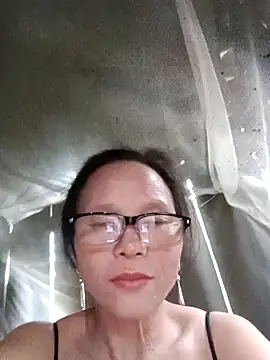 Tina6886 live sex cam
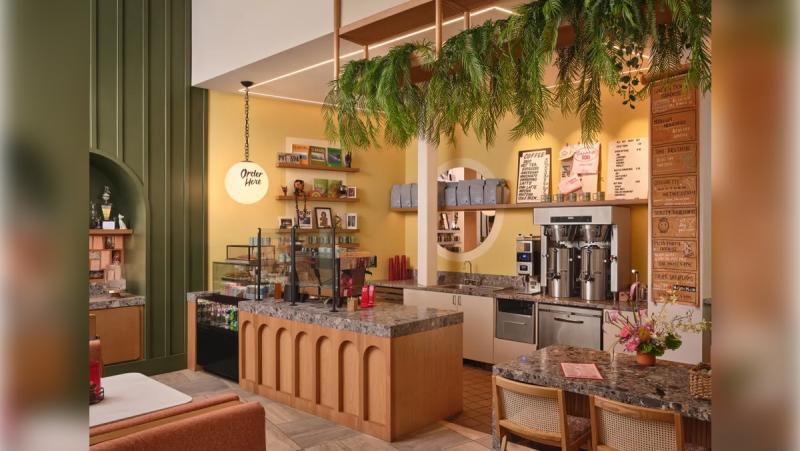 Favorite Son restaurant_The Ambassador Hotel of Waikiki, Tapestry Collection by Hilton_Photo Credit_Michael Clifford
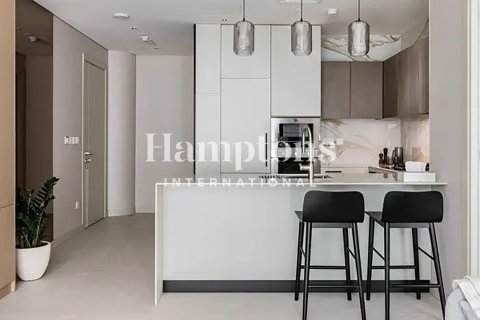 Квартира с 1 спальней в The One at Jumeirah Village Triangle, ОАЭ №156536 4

...

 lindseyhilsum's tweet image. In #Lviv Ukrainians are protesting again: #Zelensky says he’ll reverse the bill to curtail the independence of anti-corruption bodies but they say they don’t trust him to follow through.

# [Work to be completed]
Reproduce the listing above exactly from the line containing "Favorite Son restaurant_The" up to and including the line containing "Квартира с 1", omitting any images and everything outside those lines.

# [Exercise answer]
 Favorite Son restaurant_The Ambassador Hotel of Waikiki, Tapestry Collection by Hilton_Photo Credit_Michael Clifford
 Квартира с 1 спальней в The One at Jumeirah Village Triangle, ОАЭ №156536 4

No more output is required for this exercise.